Yoga: It’s not all about the stretch

The second full week of Eating Clean is down and so am I –by two pounds!  Not bad since last week I somehow managed to gain three pounds. Water? Stress? Who knows.  But I wasn’t worried. I know my body and I know how LONG it takes to lose a simple pound.  Besides, this is for my health not just to lose weight (although that will help with that pesky diabetes risk).  Still, it was nice to see the scale drop for the first time in EONS.

I’ve been very good about sticking with the clean plan but I have a feeling another key piece here is getting back on the mat.

A lot of people wave off yoga as if it’s not worthy of their time.  They would rather spend that time running or at the gym.  More bang for their buck.  But what they don’t understand is that your body needs that down time.  It needs the hour-long focus you give while you stretch out on your yoga mat.  Yoga is much more than being able to touch your toes or stay in down-dog without your arms shaking like jello.  It’s about tuning in to what your body has to say.  It’s about listening to your hips, your shoulders, your neck, your back and understanding why they are tense.  It also makes you appreciate your body and all it does for you each and every day.  And by the way, yoga makes you strong. It tones your muscles by using your body weight so if you must, consider it a toning day.

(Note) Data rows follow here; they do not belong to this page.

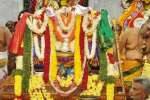 கிருஷ்ணகிரி பெருமாள் சுவாமிக்கு திருக்கல்யாணம்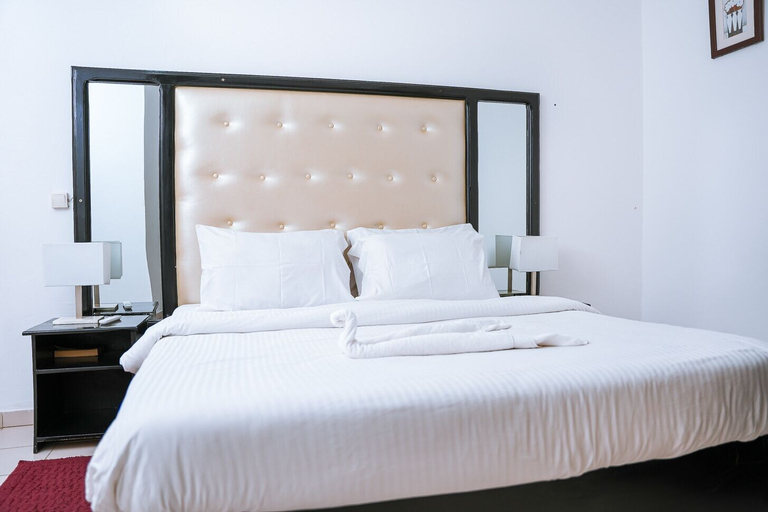 Bedroom, Residences de la Providence, Mfoundi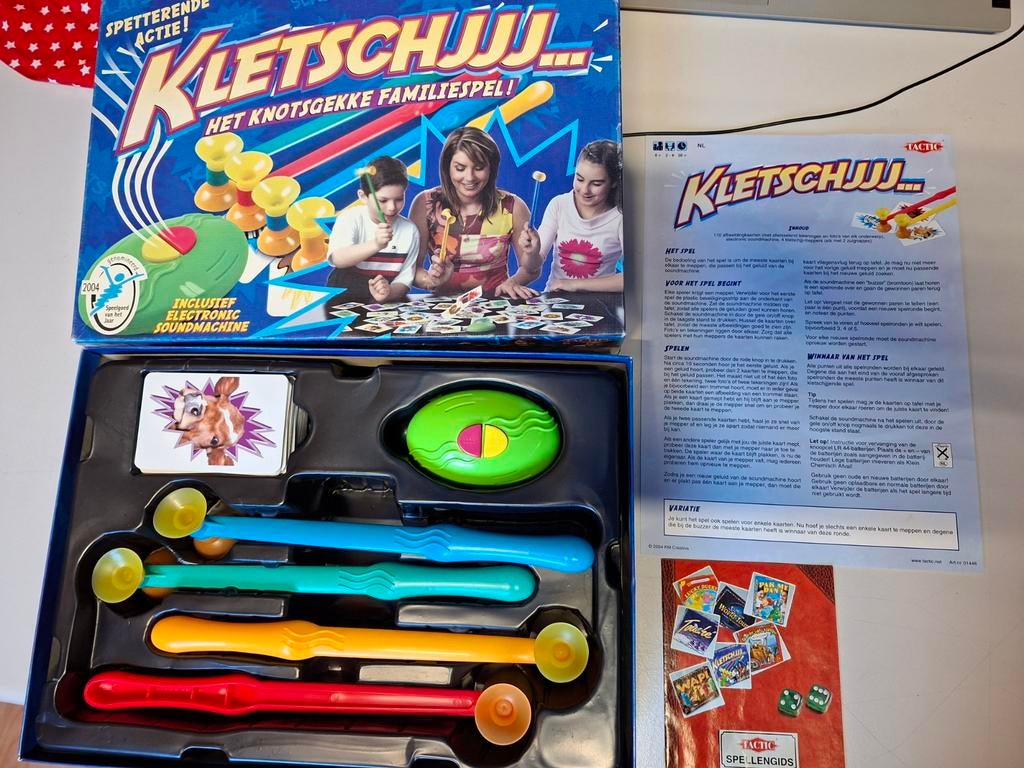 Kletchjjj, Ophalen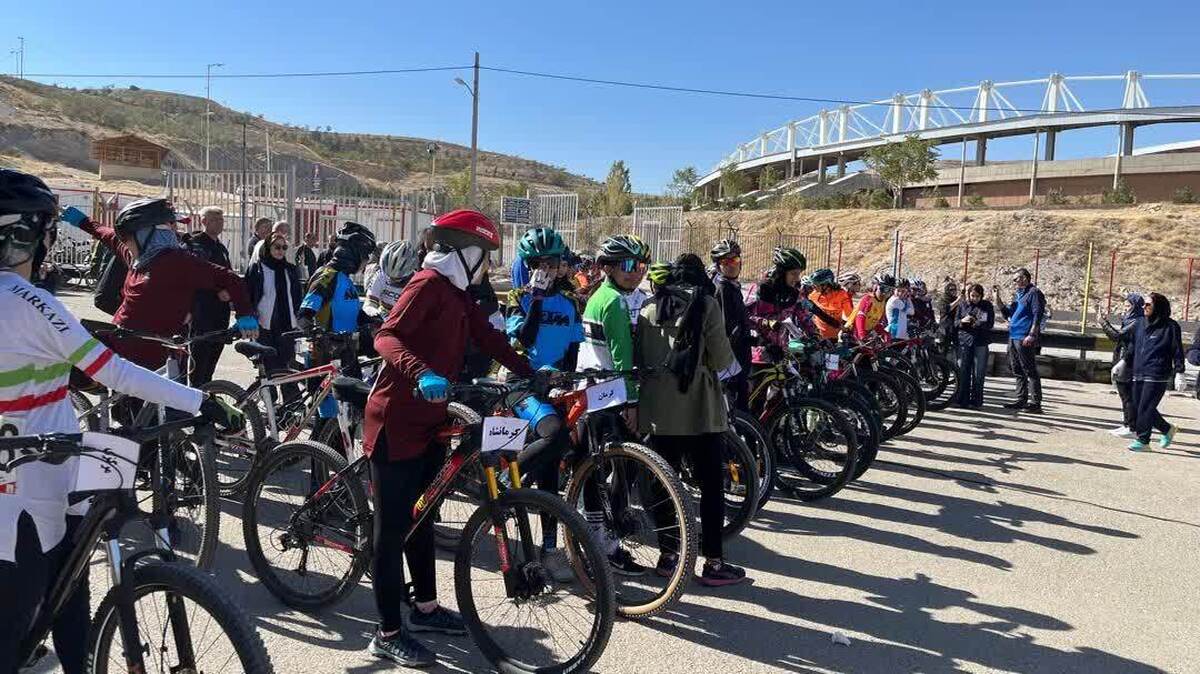 اعلام نتایج دوچرخه سواری المپیاد استعدادهای برتر ورزش دختران کشور به میزبانی تبریز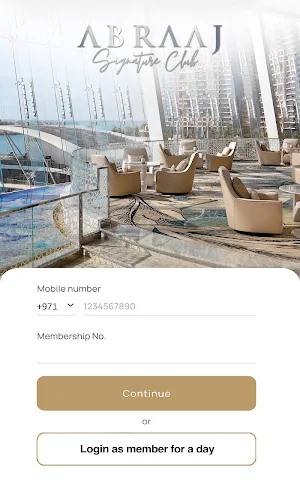 ABRAAJ Signature Club Screenshot 3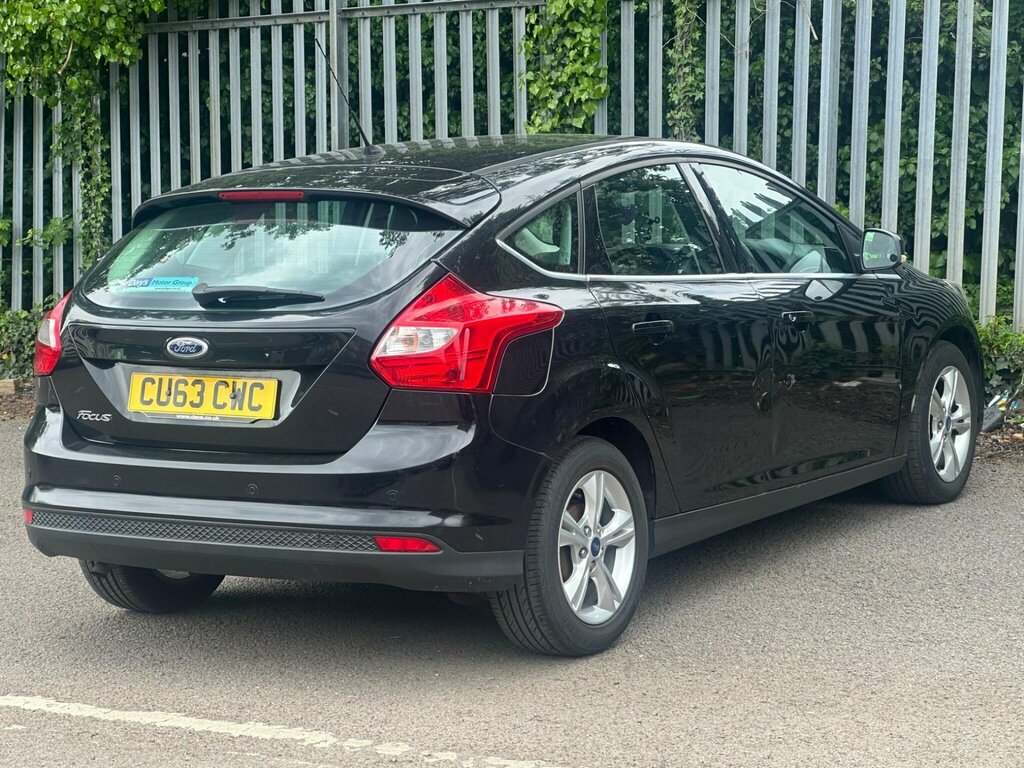 Ford Focus 1.6 Zetec Euro 5 CU63CWC Black #5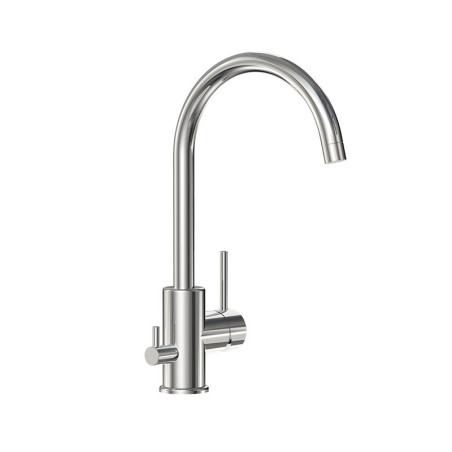 LAPETEK TIVA-A, s/s shiny, dishwasher valve
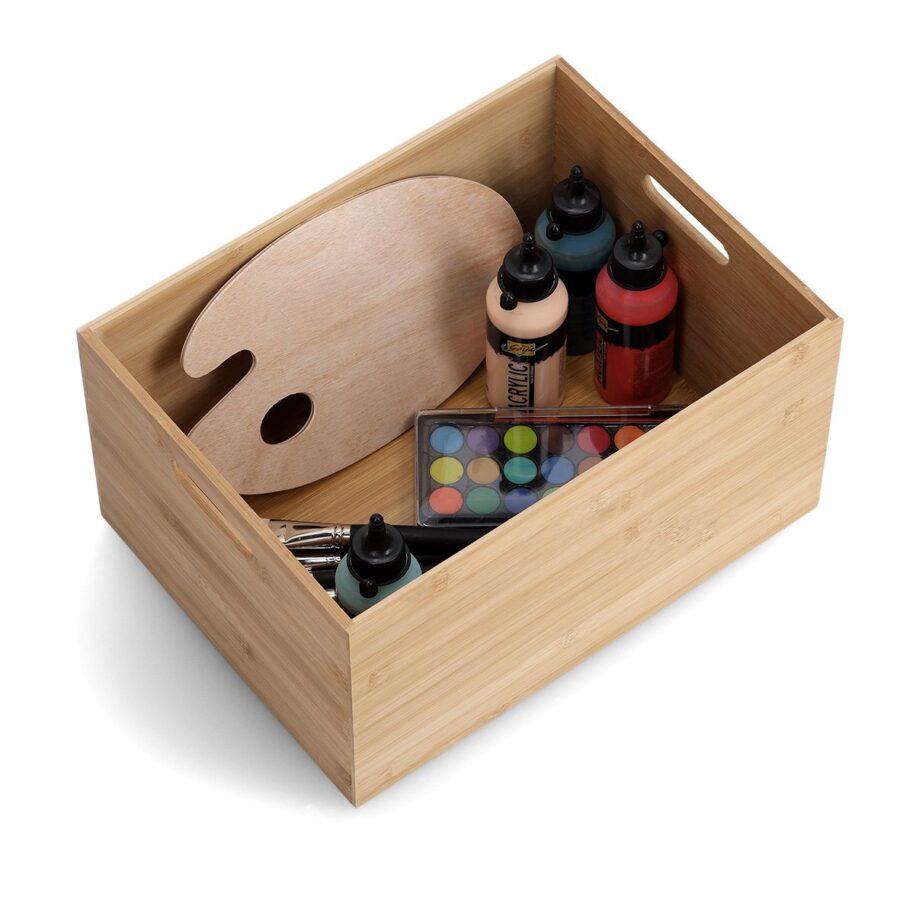 Aufbewahrungskiste, Bambus – Ansicht 2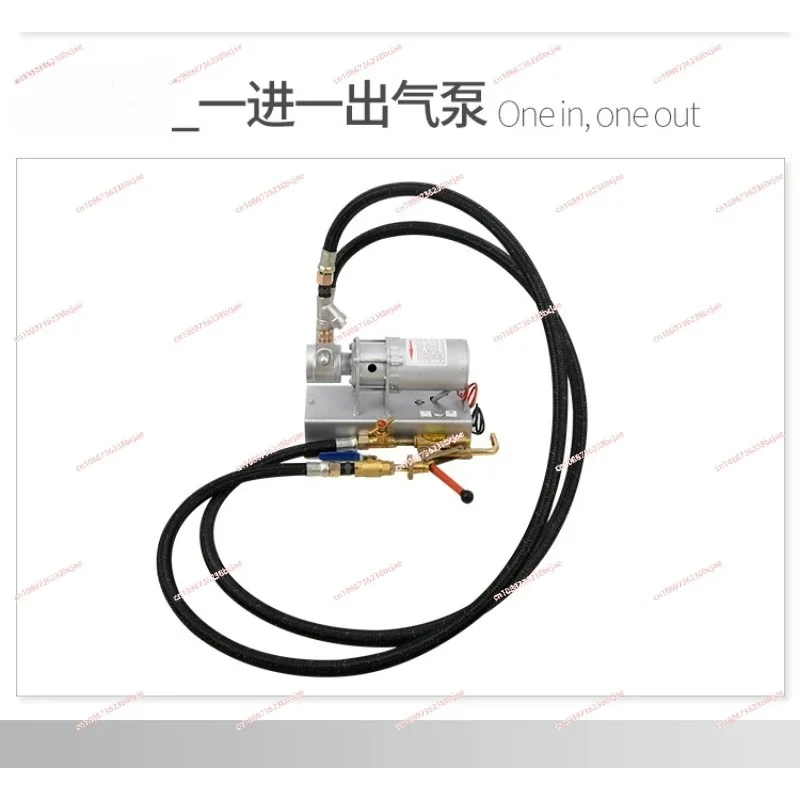 Портативный мини-насос для приготовления сжиженного углеводородного газа 12 В
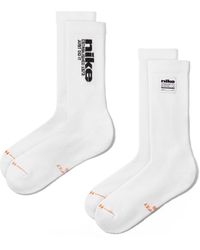 Nike - Everyday Elevated Crew Socks (2 Pairs) - Lyst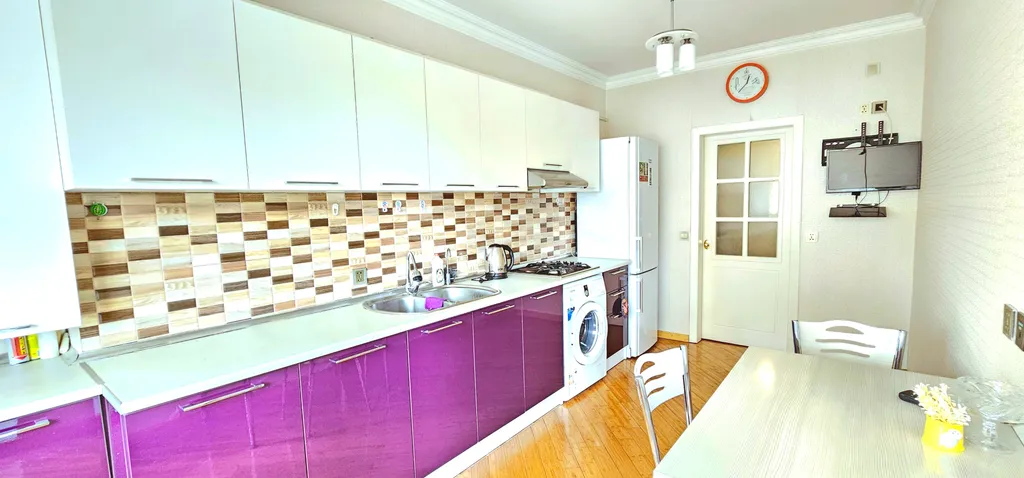 3-комнатная квартира с видом на море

But more importantly, yoga gives you focus.  You begin to pay more attention not only to how you feel, but how you treat your body in the first place.  You question what you put in it.  I haven’t met a lot of fellow yoga mat-mates that come to the 9am Saturday class hungover or who smell of cigarette smoke.  Not that there aren’t people out there that drink a lot and smoke, but after two years I haven’t met them yet.  I’m not trying to pass judgement; I’m just stating what I’ve found.  Yoga seems to keep you grounded and aware of your body–and keeping it healthy.

If you really want to take control of your body, take up yoga.  Give it a month or two (or longer) and see how you feel. I’d suggest a class rather than a tape just so you build the connection with other people and your yogi, but if you have to do a tape it’s better than nothing.  Don’t rush through the poses!  This isn’t a competitive sport!  It’s time to slow down and listen to the muscles in your body, to learn to breath again.  Just be in the moment and don’t think about everything you need to do the rest of the day or the next.  Think about how your arms feel in down-dog, how your back feels in the twist, how your feet feel as you root them into the mat.  Be there.  It’s a hard thing to master, I’ll admit, but it’s a wonderful feeling! You’ll find the hardest pose to be shavasna, or Corpse Pose, where you lie still on your mat at the end of the practice. The goal is the clear your mind completely and focus only on your breath.  Try it sometime.

I know my practice makes me more grounded and helps me make healthier food decisions.  I see my body in a less judgmental way and see what it can do rather than focus on what it looks like in the mirror.  It reminds me that I am strong but more importantly, that I am in control of how I feel.  It’s up to me to keep my body healthy by being aware of what I’m doing. No more mindless meals just to fill my stomach.  Why would I put unhealthy, processed foods into my body when it does so much for me?